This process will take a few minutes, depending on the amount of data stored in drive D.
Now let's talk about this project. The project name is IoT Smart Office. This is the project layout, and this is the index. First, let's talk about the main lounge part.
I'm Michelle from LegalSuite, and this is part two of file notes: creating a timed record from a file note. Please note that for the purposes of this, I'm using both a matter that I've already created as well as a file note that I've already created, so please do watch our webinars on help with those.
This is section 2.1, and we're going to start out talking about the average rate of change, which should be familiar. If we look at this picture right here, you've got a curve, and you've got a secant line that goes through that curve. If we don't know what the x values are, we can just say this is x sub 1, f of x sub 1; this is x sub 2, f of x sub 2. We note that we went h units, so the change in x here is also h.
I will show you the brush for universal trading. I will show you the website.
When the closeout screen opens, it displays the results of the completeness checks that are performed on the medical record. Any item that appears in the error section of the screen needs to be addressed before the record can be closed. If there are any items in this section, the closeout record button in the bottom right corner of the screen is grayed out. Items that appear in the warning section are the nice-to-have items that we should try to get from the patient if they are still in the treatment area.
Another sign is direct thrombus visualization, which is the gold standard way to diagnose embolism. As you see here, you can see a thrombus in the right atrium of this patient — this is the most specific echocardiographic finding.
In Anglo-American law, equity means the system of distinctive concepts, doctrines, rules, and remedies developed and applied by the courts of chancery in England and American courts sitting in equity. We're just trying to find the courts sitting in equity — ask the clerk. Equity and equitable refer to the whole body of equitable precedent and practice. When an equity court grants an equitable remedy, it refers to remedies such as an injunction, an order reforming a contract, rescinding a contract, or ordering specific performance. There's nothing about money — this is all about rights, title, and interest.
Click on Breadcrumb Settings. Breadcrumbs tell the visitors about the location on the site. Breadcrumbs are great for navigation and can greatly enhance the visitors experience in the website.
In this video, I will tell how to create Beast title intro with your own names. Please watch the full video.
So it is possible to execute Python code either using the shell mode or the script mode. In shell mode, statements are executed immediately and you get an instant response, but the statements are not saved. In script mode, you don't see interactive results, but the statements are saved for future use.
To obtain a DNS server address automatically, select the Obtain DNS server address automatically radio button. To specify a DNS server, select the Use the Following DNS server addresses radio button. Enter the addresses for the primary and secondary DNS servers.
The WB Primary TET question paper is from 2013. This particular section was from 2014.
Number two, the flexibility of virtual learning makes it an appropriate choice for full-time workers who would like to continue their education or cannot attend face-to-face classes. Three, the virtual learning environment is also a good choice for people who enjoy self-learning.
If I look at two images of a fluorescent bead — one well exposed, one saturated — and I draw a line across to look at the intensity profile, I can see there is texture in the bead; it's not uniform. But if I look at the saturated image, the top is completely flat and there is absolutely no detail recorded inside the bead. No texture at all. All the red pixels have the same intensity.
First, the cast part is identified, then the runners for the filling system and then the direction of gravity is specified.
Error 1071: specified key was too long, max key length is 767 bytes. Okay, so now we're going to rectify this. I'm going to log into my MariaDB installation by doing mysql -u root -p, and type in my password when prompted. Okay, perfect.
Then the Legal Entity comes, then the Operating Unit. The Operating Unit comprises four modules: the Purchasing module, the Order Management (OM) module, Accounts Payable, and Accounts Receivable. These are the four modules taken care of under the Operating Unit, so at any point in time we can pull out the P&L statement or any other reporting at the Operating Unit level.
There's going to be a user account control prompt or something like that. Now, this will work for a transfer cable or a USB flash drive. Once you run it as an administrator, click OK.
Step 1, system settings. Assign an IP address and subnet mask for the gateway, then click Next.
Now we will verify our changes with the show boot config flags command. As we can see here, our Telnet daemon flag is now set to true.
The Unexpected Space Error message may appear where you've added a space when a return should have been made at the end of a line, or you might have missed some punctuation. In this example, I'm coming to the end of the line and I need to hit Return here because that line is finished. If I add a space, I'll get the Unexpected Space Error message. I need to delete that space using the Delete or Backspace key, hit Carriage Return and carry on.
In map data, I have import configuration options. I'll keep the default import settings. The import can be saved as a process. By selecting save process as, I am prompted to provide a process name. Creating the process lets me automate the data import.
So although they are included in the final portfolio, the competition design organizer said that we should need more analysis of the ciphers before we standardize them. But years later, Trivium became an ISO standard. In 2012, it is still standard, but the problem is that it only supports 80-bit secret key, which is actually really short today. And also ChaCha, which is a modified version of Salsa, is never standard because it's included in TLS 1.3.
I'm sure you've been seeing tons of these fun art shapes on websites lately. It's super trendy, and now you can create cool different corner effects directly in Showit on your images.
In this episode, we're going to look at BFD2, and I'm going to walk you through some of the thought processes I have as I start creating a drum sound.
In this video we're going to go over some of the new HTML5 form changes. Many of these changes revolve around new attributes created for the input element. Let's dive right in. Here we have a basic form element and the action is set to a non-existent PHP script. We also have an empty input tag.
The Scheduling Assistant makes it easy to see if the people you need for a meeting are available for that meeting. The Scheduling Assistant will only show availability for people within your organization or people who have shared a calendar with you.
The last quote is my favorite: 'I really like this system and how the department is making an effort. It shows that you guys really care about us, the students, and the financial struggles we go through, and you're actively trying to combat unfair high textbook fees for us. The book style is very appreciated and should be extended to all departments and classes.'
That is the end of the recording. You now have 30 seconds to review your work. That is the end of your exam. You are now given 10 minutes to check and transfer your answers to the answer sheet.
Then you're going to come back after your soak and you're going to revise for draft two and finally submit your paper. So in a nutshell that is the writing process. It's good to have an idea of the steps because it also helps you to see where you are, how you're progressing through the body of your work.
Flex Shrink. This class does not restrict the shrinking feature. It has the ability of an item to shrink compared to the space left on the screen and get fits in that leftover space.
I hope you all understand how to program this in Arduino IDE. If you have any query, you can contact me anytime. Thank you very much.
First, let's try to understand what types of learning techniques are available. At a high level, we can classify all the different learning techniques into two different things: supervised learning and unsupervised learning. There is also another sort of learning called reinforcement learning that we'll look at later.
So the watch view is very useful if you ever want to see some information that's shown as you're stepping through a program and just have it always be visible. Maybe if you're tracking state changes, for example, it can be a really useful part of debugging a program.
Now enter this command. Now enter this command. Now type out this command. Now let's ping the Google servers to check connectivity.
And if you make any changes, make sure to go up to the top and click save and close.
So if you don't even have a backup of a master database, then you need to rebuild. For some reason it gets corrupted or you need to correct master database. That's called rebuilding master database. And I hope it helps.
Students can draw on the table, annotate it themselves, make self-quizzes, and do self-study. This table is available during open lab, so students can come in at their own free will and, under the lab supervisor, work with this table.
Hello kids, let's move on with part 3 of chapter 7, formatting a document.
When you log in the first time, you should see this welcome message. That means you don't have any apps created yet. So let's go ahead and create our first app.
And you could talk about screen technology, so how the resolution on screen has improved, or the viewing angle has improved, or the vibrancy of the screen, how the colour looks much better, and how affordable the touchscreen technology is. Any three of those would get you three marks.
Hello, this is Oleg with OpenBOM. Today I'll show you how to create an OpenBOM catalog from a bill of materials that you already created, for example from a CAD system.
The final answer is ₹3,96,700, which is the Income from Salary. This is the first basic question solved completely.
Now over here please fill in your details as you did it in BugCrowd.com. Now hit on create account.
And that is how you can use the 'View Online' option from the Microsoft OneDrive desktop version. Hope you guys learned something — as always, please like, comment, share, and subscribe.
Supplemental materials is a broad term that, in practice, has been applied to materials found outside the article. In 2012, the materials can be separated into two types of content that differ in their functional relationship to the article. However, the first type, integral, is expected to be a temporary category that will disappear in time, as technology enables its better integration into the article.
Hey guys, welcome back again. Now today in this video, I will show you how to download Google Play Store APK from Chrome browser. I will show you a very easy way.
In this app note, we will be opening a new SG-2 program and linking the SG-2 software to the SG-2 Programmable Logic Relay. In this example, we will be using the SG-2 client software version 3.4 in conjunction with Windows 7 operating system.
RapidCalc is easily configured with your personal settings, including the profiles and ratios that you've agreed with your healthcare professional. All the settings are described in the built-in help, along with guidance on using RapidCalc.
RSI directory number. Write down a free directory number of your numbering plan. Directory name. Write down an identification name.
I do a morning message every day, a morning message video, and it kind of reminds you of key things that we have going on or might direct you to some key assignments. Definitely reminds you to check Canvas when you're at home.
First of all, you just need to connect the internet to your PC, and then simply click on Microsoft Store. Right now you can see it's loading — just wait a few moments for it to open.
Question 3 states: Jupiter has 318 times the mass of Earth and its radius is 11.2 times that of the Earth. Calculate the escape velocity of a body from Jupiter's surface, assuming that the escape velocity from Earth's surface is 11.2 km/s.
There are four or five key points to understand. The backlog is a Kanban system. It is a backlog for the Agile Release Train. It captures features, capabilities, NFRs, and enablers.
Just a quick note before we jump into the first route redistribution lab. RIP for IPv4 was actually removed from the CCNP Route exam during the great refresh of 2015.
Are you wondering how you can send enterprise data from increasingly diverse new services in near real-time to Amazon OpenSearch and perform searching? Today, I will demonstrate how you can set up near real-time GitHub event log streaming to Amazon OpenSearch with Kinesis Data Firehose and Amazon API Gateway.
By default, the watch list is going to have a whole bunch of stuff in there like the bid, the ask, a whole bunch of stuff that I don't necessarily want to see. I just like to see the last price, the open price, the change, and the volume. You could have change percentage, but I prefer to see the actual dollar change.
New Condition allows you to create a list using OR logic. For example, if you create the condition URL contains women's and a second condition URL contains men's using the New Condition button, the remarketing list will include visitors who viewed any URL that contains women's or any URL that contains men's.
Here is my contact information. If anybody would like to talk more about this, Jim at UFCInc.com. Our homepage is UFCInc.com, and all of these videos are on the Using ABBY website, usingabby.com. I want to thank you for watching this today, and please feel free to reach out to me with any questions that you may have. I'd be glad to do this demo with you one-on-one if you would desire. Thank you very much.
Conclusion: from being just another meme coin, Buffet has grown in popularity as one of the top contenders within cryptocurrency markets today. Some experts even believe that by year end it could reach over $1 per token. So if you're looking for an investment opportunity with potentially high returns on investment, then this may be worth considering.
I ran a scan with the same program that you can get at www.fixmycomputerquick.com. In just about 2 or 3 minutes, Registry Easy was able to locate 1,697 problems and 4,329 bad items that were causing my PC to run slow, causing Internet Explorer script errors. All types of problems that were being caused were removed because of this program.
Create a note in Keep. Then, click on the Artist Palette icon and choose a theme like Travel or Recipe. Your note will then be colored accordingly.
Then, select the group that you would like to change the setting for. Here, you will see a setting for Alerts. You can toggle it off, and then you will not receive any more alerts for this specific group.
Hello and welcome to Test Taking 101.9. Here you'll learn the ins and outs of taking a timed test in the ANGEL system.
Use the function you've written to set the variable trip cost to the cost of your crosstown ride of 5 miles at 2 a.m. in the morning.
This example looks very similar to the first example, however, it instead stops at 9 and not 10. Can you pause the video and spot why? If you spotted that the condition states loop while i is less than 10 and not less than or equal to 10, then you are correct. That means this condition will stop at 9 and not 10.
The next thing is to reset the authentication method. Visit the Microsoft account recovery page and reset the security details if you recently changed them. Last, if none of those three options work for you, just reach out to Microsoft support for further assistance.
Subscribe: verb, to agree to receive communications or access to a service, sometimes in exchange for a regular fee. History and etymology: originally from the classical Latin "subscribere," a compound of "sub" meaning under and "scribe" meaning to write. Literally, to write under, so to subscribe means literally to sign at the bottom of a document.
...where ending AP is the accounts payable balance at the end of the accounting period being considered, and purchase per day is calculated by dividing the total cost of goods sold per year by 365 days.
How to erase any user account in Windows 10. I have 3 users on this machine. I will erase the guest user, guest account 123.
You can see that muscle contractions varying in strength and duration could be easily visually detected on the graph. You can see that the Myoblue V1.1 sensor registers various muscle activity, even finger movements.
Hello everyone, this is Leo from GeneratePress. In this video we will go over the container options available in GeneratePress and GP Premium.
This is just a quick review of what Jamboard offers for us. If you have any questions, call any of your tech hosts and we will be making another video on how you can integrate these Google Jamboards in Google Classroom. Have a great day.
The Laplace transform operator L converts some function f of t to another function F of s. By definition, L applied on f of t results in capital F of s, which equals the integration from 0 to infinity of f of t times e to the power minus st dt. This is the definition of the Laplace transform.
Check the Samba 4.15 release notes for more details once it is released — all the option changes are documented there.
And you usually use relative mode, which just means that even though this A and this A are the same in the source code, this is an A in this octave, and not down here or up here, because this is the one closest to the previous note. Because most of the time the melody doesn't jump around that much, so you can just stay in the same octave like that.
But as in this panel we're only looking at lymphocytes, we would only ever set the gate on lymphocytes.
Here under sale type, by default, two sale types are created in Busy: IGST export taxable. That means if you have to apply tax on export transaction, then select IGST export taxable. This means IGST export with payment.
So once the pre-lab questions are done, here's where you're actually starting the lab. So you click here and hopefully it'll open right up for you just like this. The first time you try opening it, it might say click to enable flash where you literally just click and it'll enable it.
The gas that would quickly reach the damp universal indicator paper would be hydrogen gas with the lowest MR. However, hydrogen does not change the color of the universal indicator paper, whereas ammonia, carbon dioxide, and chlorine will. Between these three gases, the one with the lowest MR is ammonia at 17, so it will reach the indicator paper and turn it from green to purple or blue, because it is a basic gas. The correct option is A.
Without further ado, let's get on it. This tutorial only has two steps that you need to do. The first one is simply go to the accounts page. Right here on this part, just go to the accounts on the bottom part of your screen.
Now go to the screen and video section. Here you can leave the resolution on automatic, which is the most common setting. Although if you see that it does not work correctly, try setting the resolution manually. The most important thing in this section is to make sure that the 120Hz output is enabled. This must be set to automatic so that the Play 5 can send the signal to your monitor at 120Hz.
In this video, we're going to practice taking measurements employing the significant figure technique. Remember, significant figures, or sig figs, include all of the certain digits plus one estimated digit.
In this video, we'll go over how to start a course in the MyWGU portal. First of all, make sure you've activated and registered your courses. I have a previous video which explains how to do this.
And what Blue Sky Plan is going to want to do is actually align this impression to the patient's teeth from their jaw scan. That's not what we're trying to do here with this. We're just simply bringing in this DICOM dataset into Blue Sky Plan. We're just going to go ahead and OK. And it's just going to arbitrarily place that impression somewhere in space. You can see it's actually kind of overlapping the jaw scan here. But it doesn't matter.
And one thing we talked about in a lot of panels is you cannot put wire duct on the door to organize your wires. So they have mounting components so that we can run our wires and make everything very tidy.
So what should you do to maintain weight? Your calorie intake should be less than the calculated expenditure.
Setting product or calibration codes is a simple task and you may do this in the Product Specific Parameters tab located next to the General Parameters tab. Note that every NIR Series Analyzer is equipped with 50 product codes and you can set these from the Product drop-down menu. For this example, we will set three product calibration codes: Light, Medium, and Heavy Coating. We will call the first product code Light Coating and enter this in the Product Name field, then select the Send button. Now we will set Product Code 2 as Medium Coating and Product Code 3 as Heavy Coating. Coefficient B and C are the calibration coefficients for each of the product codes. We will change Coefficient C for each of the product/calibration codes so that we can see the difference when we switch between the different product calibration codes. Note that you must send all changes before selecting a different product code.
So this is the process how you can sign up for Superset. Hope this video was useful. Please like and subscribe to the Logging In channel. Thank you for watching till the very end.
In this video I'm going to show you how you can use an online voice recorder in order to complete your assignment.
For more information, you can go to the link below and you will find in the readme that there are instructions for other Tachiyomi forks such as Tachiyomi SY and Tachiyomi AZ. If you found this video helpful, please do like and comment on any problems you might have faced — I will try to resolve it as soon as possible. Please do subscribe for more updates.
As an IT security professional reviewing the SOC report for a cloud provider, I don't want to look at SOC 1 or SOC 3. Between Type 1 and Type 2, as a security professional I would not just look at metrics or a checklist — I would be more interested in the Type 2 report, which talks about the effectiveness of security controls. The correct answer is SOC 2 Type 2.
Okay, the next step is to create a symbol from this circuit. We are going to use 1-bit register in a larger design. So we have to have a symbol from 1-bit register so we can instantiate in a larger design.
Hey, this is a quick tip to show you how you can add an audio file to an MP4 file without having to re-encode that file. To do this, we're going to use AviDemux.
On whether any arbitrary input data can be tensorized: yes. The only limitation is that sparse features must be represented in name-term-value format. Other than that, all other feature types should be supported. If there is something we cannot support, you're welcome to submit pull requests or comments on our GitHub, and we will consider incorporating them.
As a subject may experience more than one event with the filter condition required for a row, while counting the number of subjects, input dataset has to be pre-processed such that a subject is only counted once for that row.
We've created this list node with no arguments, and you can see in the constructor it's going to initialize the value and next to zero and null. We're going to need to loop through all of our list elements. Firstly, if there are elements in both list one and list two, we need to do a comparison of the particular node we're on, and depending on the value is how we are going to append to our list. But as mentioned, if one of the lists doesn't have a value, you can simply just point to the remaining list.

> **Exercise details**:
Copy every line of the records above, starting with the first, up to and including the line containing "Now let's talk".

> **Solution to this exercise**:
This process will take a few minutes, depending on the amount of data stored in drive D.
Now let's talk about this project. The project name is IoT Smart Office. This is the project layout, and this is the index. First, let's talk about the main lounge part.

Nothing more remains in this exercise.